─── MATERIAL TO PROCESS

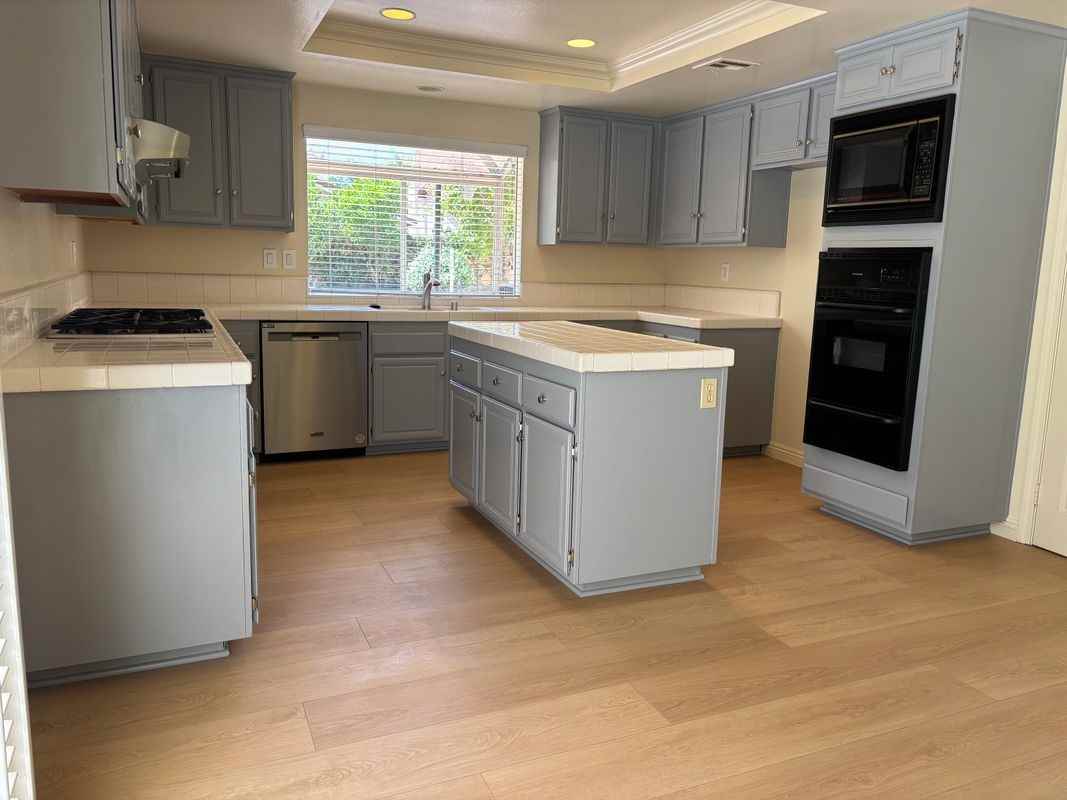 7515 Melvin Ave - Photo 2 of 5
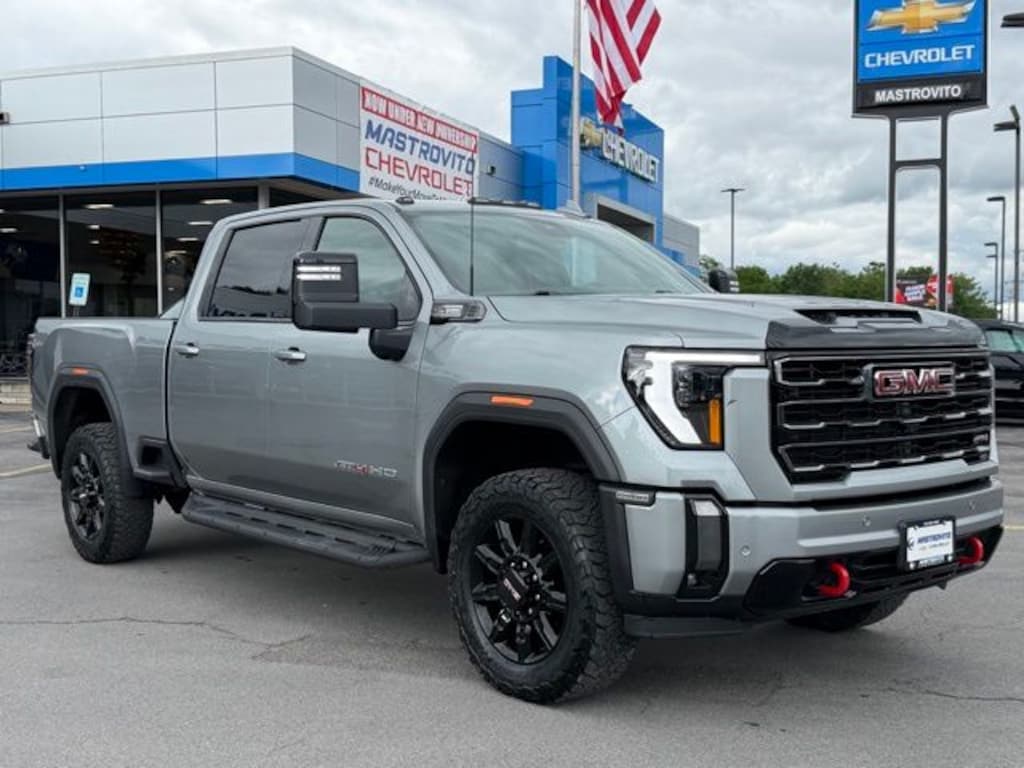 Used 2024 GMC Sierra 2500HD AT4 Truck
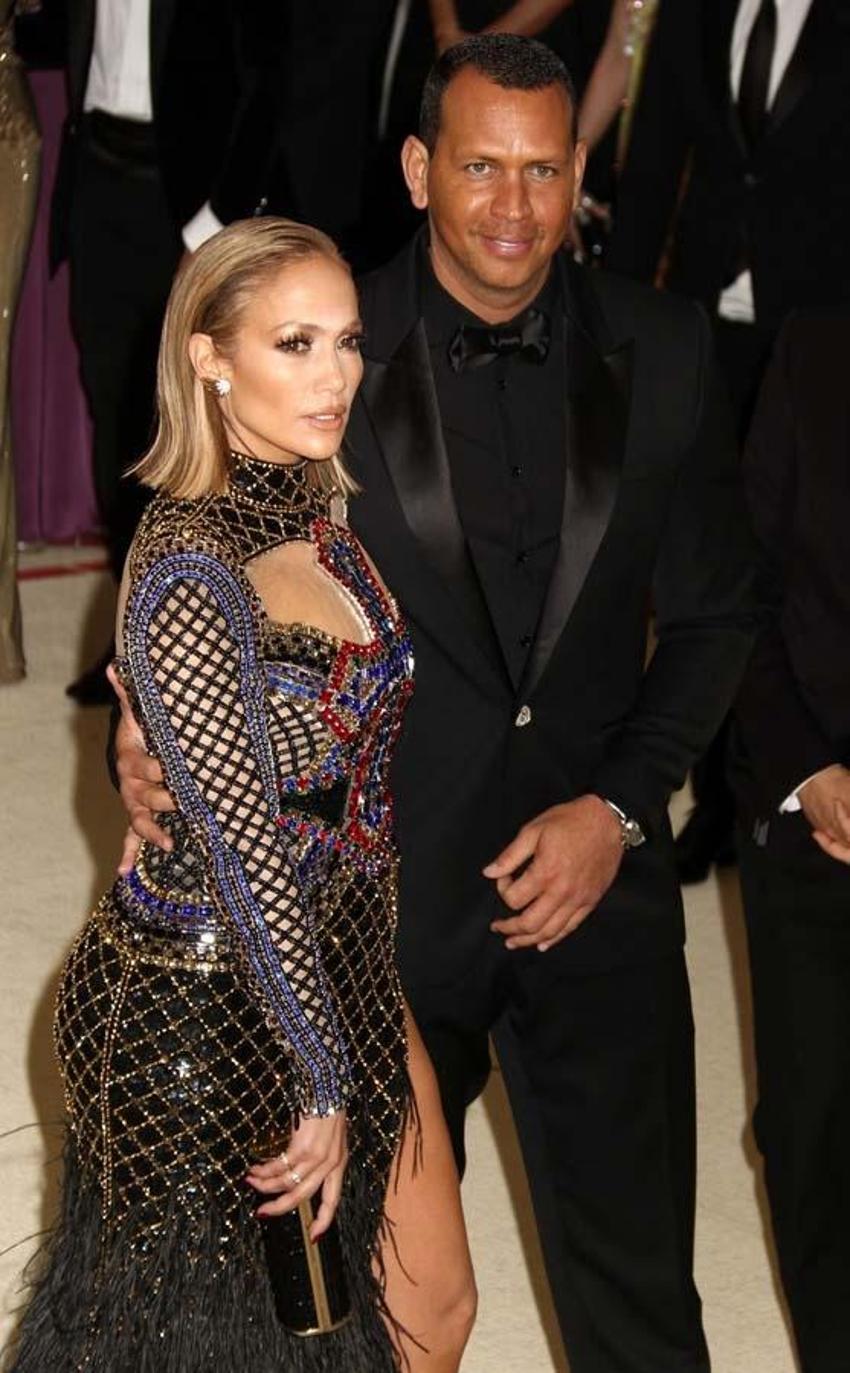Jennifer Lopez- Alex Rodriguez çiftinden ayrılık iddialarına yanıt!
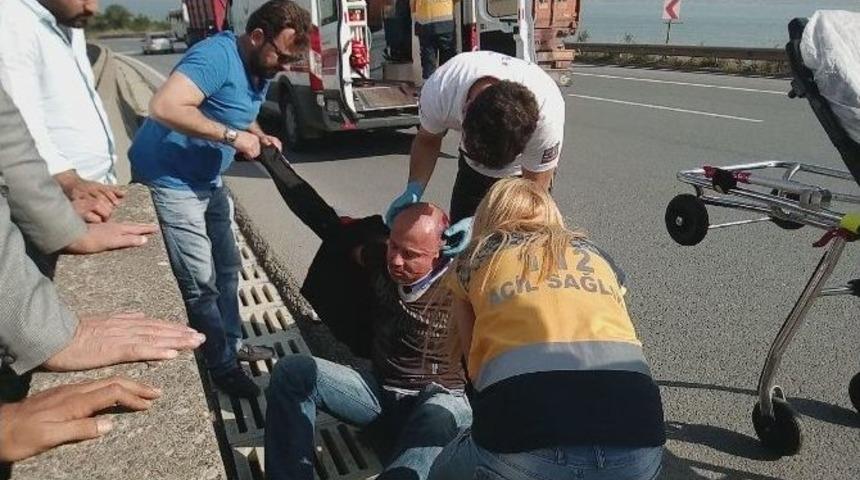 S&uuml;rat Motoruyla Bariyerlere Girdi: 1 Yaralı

──────
─── MATERIAL TO PROCESS

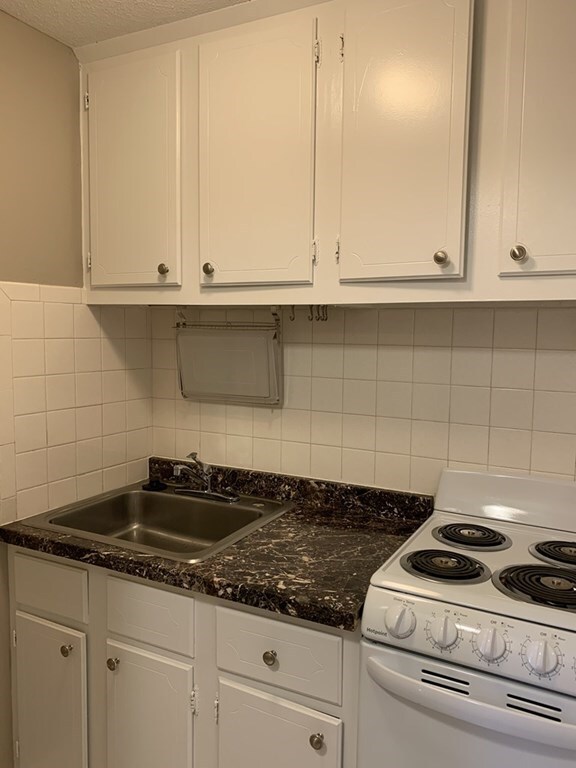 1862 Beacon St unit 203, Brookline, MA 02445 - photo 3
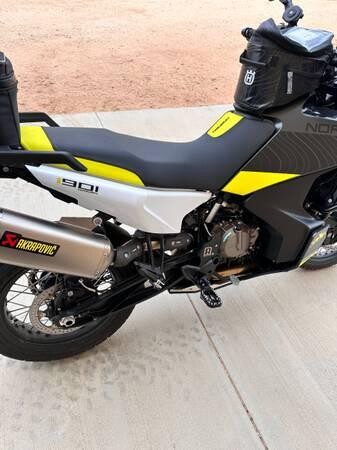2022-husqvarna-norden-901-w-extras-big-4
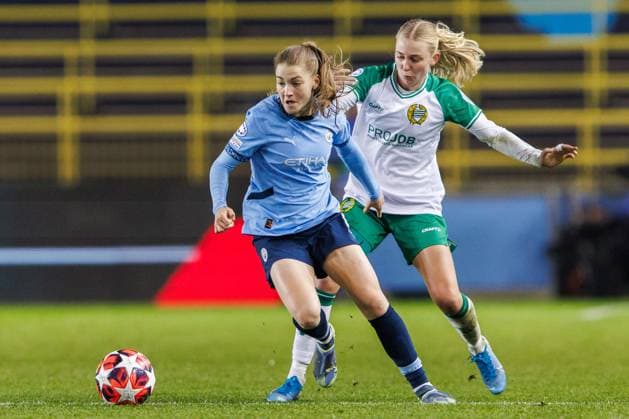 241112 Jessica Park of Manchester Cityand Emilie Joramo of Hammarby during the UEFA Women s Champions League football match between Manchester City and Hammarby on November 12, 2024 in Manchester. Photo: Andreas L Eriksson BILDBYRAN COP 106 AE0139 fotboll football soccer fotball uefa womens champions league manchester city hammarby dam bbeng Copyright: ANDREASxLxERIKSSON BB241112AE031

──────
─── MATERIAL TO PROCESS

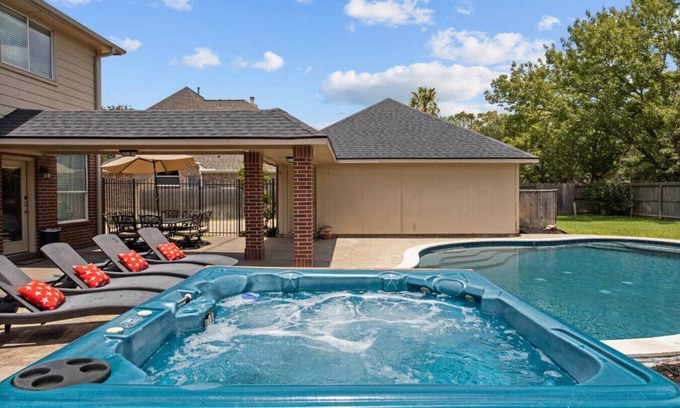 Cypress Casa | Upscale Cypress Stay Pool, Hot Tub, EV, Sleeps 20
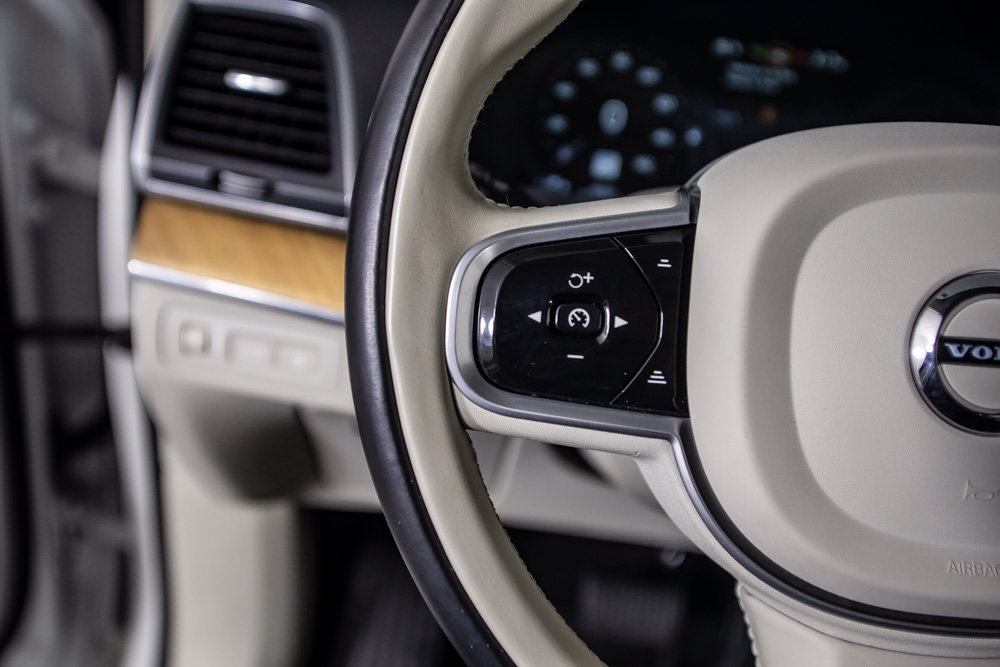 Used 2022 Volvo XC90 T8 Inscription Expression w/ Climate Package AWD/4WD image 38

──────

PROMPT
Print from the line containing "Used 2024 GMC Sierra 2500HD AT4 Truck" through the line containing "S&uuml;rat Motoruyla Bariyerlere" in the data above, exactly as the lines stand, and omit every picture.

EXERCISE SOLUTION
 Used 2024 GMC Sierra 2500HD AT4 Truck
Jennifer Lopez- Alex Rodriguez çiftinden ayrılık iddialarına yanıt!
 S&uuml;rat Motoruyla Bariyerlere Girdi: 1 Yaralı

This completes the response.